Find how many lines of the entries contain the word "Ford", then report that figure alone.

__Scraped caption text data__
==================================================
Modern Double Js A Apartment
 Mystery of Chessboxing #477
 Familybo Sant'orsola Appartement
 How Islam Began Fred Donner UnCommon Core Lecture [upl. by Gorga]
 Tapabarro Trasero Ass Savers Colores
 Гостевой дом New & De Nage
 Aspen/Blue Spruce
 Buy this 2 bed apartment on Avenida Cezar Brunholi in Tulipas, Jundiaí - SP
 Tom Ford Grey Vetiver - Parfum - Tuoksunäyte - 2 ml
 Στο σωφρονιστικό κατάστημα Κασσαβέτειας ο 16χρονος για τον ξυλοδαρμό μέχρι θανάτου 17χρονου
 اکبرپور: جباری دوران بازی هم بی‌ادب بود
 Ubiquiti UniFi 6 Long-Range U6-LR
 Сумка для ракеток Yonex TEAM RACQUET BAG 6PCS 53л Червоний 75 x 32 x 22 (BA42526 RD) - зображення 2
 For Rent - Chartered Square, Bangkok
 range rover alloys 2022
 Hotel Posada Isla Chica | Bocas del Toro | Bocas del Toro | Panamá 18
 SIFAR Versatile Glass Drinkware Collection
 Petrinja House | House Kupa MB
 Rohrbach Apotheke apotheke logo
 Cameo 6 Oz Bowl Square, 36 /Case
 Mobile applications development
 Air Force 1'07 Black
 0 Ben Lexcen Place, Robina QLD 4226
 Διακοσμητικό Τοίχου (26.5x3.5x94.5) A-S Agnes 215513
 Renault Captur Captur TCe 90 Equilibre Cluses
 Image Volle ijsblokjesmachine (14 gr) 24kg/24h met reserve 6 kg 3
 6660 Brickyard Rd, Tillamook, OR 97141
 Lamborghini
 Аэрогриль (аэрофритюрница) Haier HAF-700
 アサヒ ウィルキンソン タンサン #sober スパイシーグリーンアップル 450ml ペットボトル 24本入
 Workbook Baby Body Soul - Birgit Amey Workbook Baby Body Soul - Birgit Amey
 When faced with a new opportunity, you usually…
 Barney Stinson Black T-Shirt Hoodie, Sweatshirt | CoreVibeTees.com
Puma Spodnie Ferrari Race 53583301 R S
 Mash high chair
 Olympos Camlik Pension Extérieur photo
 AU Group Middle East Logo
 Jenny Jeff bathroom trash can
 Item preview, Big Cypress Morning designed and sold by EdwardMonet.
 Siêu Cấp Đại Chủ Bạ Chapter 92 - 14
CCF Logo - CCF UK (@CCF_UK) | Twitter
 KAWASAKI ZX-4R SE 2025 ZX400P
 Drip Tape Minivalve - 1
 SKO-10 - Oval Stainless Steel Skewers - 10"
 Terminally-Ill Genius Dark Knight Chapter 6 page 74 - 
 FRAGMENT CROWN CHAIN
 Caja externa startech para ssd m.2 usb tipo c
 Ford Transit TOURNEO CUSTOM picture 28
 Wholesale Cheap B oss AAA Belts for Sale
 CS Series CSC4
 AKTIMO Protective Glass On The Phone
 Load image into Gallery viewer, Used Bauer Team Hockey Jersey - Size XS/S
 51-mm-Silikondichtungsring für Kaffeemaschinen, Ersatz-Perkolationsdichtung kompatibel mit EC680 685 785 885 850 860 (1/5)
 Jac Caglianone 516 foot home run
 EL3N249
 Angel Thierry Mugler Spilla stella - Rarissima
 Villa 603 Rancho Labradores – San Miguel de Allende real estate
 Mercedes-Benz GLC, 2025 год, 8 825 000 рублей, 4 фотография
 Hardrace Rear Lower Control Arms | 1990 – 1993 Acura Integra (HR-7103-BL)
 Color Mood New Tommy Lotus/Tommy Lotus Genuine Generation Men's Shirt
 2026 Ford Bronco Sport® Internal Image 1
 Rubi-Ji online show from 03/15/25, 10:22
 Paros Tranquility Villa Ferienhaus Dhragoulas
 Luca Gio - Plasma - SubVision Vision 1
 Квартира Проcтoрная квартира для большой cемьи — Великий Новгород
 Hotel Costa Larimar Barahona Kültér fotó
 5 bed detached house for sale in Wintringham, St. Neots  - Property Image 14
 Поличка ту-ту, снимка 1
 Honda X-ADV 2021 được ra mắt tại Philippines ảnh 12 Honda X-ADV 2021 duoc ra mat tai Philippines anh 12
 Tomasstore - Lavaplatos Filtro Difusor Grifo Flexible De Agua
==================================================
__Solution for this exercise__
3